Shuhada Forum, Balochistan through its Patron in Chief, Nawabzada Jamal Raisani, Quetta Cantt and others v. Justice (R) Jawwad S. Khawaja and others
Summary: On 13th of December 2023, the Supreme Court of Pakistan temporarily suspended the order that declared civilian trials in military courts under certain clauses of the Army Act as being ultra vires the constitution, subject to the condition that no final judgment would be passed against the 103 accused by the military courts until the next date of hearing --- the impugned order pertains to the decision of the bench on 23.10.2023 that declared clause (d) of subsection (1) of Section 2 of the Army Act (in both of its subclauses (i) & (ii)), and subsection (4) of Section 59 of the said Act as being ultravires the Constitution. Next date of hearing set to be third week of January 2024 --- applications related to live streaming and reconstitution of benches to be decided on the next date of hearing.

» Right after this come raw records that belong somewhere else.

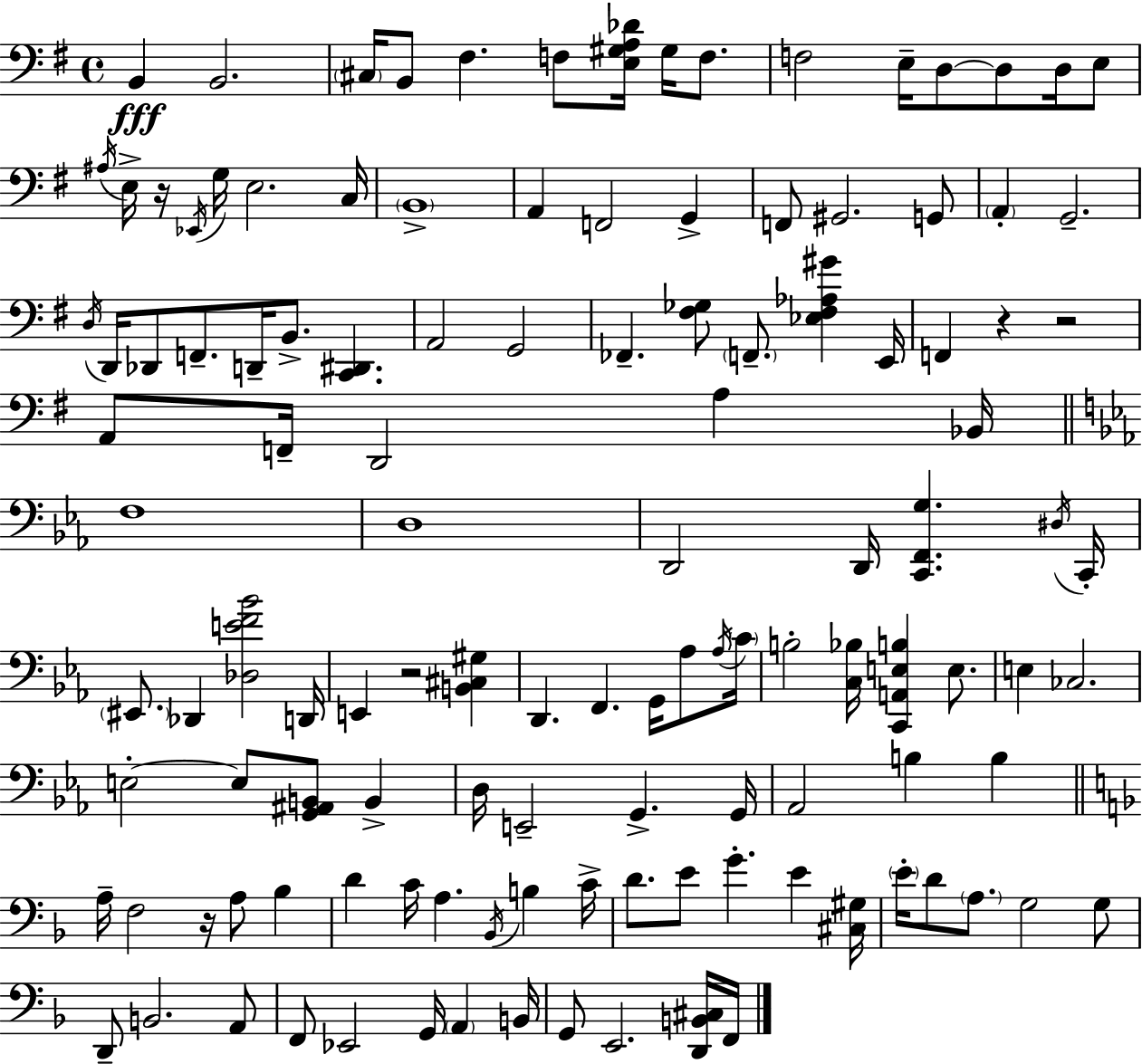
X:1
T:Untitled
M:4/4
L:1/4
K:Em
B,, B,,2 ^C,/4 B,,/2 ^F, F,/2 [E,^G,A,_D]/4 ^G,/4 F,/2 F,2 E,/4 D,/2 D,/2 D,/4 E,/2 ^A,/4 E,/4 z/4 _E,,/4 G,/4 E,2 C,/4 B,,4 A,, F,,2 G,, F,,/2 ^G,,2 G,,/2 A,, G,,2 D,/4 D,,/4 _D,,/2 F,,/2 D,,/4 B,,/2 [C,,^D,,] A,,2 G,,2 _F,, [^F,_G,]/2 F,,/2 [_E,^F,_A,^G] E,,/4 F,, z z2 A,,/2 F,,/4 D,,2 A, _B,,/4 F,4 D,4 D,,2 D,,/4 [C,,F,,G,] ^D,/4 C,,/4 ^E,,/2 _D,, [_D,EF_B]2 D,,/4 E,, z2 [B,,^C,^G,] D,, F,, G,,/4 _A,/2 _A,/4 C/4 B,2 [C,_B,]/4 [C,,A,,E,B,] E,/2 E, _C,2 E,2 E,/2 [G,,^A,,B,,]/2 B,, D,/4 E,,2 G,, G,,/4 _A,,2 B, B, A,/4 F,2 z/4 A,/2 _B, D C/4 A, _B,,/4 B, C/4 D/2 E/2 G E [^C,^G,]/4 E/4 D/2 A,/2 G,2 G,/2 D,,/2 B,,2 A,,/2 F,,/2 _E,,2 G,,/4 A,, B,,/4 G,,/2 E,,2 [D,,B,,^C,]/4 F,,/4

Jawwad S.Khawaja v. Fderation of Pakistan, etc
Summary: Ultra Vires Declaration: The Court declared that clause (d) of subsection (1) of Section 2 of the Pakistan Army Act, 1952 (in both of its sub-clauses (i) and (ii)) and subsection (4) of Section 59 of the same Act are ultra vires the Constitution and of no legal effect. This means that these provisions were found to be in violation of the Constitution and, therefore, were deemed legally invalid.Civilian Trials: The Court ruled that the trials of civilians and accused persons, specifically around 103 individuals mentioned in the list provided by the Attorney General, and others similarly situated regarding the events of 9th and 10th May 2023, should be conducted by Criminal Courts of competent jurisdiction established under ordinary and special laws. This decision underscores the fundamental principle that civilians should be tried in civilian courts, not military tribunals.No Legal Effect of Military Proceedings: The Court explicitly stated that any actions or proceedings under the Pakistan Army Act, including trials by Court Martial, in respect of the aforementioned persons are and would be of no legal effect. This means that military proceedings or trials under the Army Act against civilians or accused individuals in this context were rendered legally null and void.Partial Dissent: One member of the Bench, Mr. Justice Yahya Afridi, reserved judgment as to one part of the declaration but joined the other members of the Bench regarding the other aspects. This indicates that there may have been some differences in opinion among the judges on certain elements of the case.In summary, the Supreme Court's legal analysis in this judgment focused on the constitutionality of specific provisions within the Pakistan Army Act, the rights of civilians to be tried in civilian courts, and the legal consequences of military proceedings against civilians in the specified context. The judgment sets a legal precedent for the treatment of civilians in legal matters related to the armed forces in Pakistan.